I quote now from the Irish Farmers Journal of 23 July 1977, page 3, under the heading “Gibbons to be asked for timetable on election promises”. The final paragraph reads:

The future of the new National Agricultural Authority will also be discussed. IFA believes there is sufficient flexibility in the legislation enshrined in the present Act to introduce the necessary changes which will make the new authority more effective and agreeable to the majority of interests directly affected by the restructuring.

I promised to give those quotations to back up the statements I have made that the legislation introduced by me and enacted in this House had the backing of almost the entire agencies and of the people connected with the agricultural industry.

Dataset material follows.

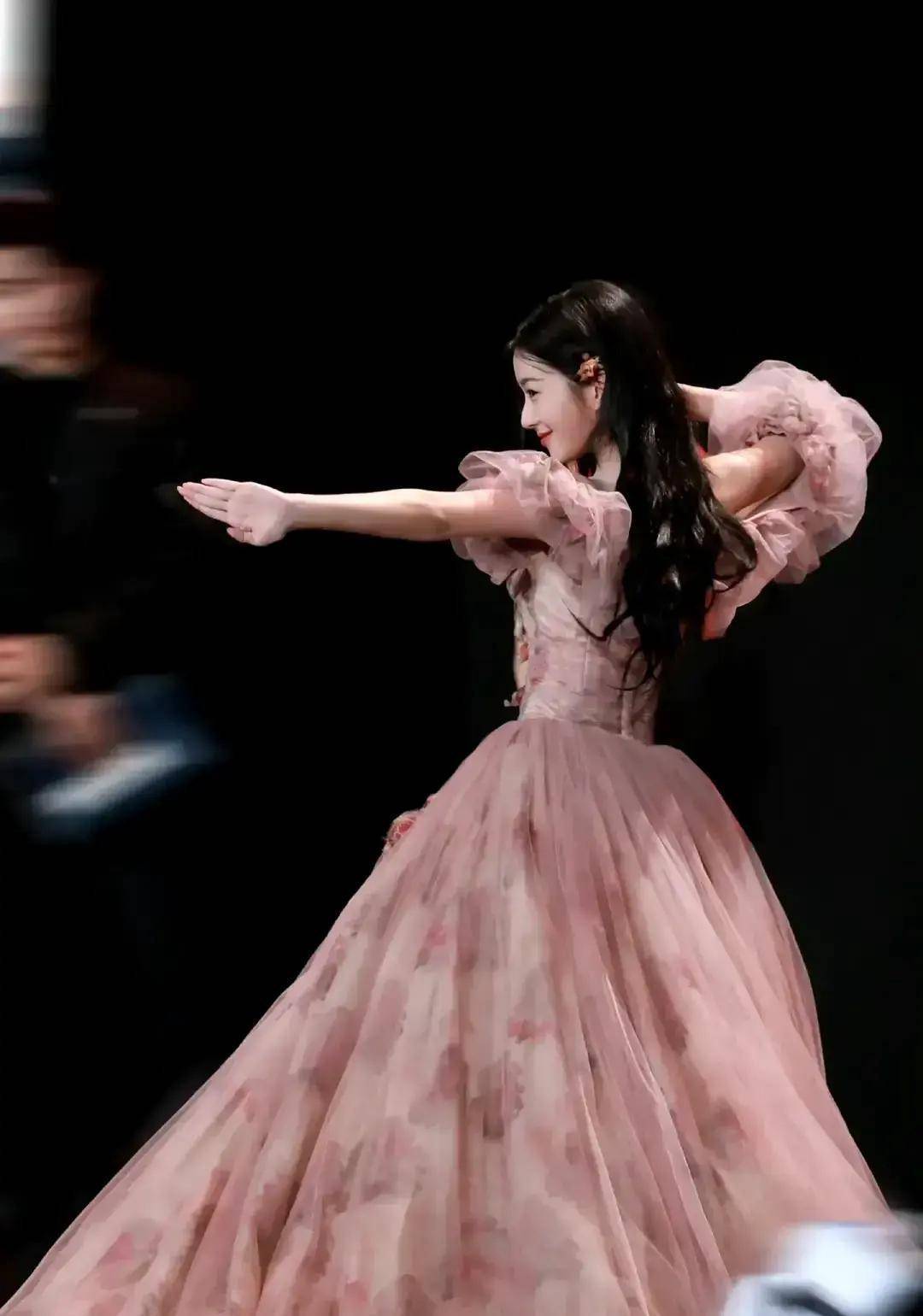 ！个子高纤巧气自华彻底秒了包上恩哈尼克孜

I was glad to hear here today Deputy Woods regretting that the Minister had now decided to drop from the board a representative of the universities and a representative from education. We all know that graduates are trained and educated in the universities, and surely we should all be interested in the type of education they get in universities to equip them for this extremely important work of the advisory services. That is why I was so anxious to have the universities involved and to have a representative from the education bodies. The vocational and comprehensive schools have a very important part to play in this whole question of the education of farmers to be better farmers. If anybody sees any reflection in my saying that people, no matter how old they are, can go on being educated for the rest of their lives, I do not know how that can be justified. Why does the Minister regard as a slight our suggestion that people can be educated further to do their job better? More education is needed, and I am not ashamed to say it. No farmer in Ireland would say that he could not be further educated to do a better job, and we have here some of the best farmers to be found in any part of the world. Nevertheless, a great majority of our farmers could learn more and could do their job better.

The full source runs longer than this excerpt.